Quick Note on Labeling Tools

If you have unlabeled images, you will first need to label them. For free open source labeling tools, we recommend the following guides on getting started with LabelImg or getting started with CVAT annotation tools. Try labeling ~50 images to proceed in this tutorial. To improve your model's performance later, you will want to label more.

Once you have labeled data, to get move your data into Roboflow, create a free account and then you can drag your dataset in in any format: (VOC XML, COCO JSON, TensorFlow Object Detection CSV, etc).

Once uploaded you can choose preprocessing and augmentation steps:

Roboflow Screenshot: BCCD Preprocessing Options
The settings chosen for the BCCD example dataset

Then, click Generate and Download and you will be able to choose YOLOv5 PyTorch format.

Roboflow Screenshot: Download Dialog (COCO, CreateML, Pascal VOC, YOLO Darknet, YOLO v3, Tensorflow, TFRecord)
Select "YOLO v5 PyTorch"

When prompted, be sure to select "Show Code Snippet." This will output a download curl script so you can easily port your data into Colab in the proper format.

curl -L "https://public.roboflow.ai/ds/YOUR-LINK-HERE" > roboflow.zip; unzip roboflow.zip; rm roboflow.zip

Downloading in Colab...

Jupyter Screenshot: Downloading a dataset from Robfolow
Downloading a custom object dataset in YOLOv5 format

The export creates a YOLOv5 .yaml file called data.yaml specifying the location of a YOLOv5 images folder, a YOLOv5 labels folder, and information on our custom classes.

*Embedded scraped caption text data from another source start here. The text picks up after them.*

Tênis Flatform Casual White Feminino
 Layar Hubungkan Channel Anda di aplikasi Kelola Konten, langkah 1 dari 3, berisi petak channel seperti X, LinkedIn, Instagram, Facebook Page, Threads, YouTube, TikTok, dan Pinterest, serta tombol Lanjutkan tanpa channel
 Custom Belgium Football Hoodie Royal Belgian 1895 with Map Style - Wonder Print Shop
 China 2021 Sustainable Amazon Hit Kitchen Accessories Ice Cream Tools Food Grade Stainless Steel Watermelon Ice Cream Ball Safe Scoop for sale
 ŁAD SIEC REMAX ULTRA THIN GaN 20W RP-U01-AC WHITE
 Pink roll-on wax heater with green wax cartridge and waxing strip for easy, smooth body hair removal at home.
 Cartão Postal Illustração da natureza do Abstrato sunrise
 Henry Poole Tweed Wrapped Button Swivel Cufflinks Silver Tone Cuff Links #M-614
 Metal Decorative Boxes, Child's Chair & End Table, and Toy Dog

Define YOLOv5 Model Configuration and Architecture

Next we write a model configuration file for our custom object detector. For this tutorial, we chose the smallest, fastest base model of YOLOv5. You have the option to pick from other YOLOv5 models including:

  • YOLOv5s
  • YOLOv5m
  • YOLOv5l
  • YOLOv5x

You can also edit the structure of the network in this step, though rarely will you need to do this. Here is the YOLOv5 model configuration file, which we term custom_yolov5s.yaml:

nc: 3
depth_multiple: 0.33
width_multiple: 0.50

anchors:
  - [10,13, 16,30, 33,23] 
  - [30,61, 62,45, 59,119]
  - [116,90, 156,198, 373,326] 

backbone:
  [[-1, 1, Focus, [64, 3]],
   [-1, 1, Conv, [128, 3, 2]],
   [-1, 3, Bottleneck, [128]],
   [-1, 1, Conv, [256, 3, 2]],
   [-1, 9, BottleneckCSP, [256]],
   [-1, 1, Conv, [512, 3, 2]], 
   [-1, 9, BottleneckCSP, [512]],
   [-1, 1, Conv, [1024, 3, 2]],
   [-1, 1, SPP, [1024, [5, 9, 13]]],
   [-1, 6, BottleneckCSP, [1024]],
  ]

head:
  [[-1, 3, BottleneckCSP, [1024, False]],
   [-1, 1, nn.Conv2d, [na * (nc + 5), 1, 1, 0]],
   [-2, 1, nn.Upsample, [None, 2, "nearest"]],
   [[-1, 6], 1, Concat, [1]],
   [-1, 1, Conv, [512, 1, 1]],
   [-1, 3, BottleneckCSP, [512, False]],
   [-1, 1, nn.Conv2d, [na * (nc + 5), 1, 1, 0]],
   [-2, 1, nn.Upsample, [None, 2, "nearest"]],
   [[-1, 4], 1, Concat, [1]],
   [-1, 1, Conv, [256, 1, 1]],
   [-1, 3, BottleneckCSP, [256, False]],
   [-1, 1, nn.Conv2d, [na * (nc + 5), 1, 1, 0]],

   [[], 1, Detect, [nc, anchors]],
  ]

Training Custom YOLOv5 Detector

With our data.yaml and custom_yolov5s.yaml files ready to go we are ready to train!

To kick off training we running the training command with the following options:

  • img: define input image size
  • batch: determine batch size
  • epochs: define the number of training epochs. (Note: often, 3000+ are common here!)
  • data: set the path to our yaml file
  • cfg: specify our model configuration
  • weights: specify a custom path to weights. (Note: you can download weights from the Ultralytics Google Drive folder)
  • name: result names
  • nosave: only save the final checkpoint
  • cache: cache images for faster training

And run the training command:

Training the custom YOLOv5 Detector. It trains quickly!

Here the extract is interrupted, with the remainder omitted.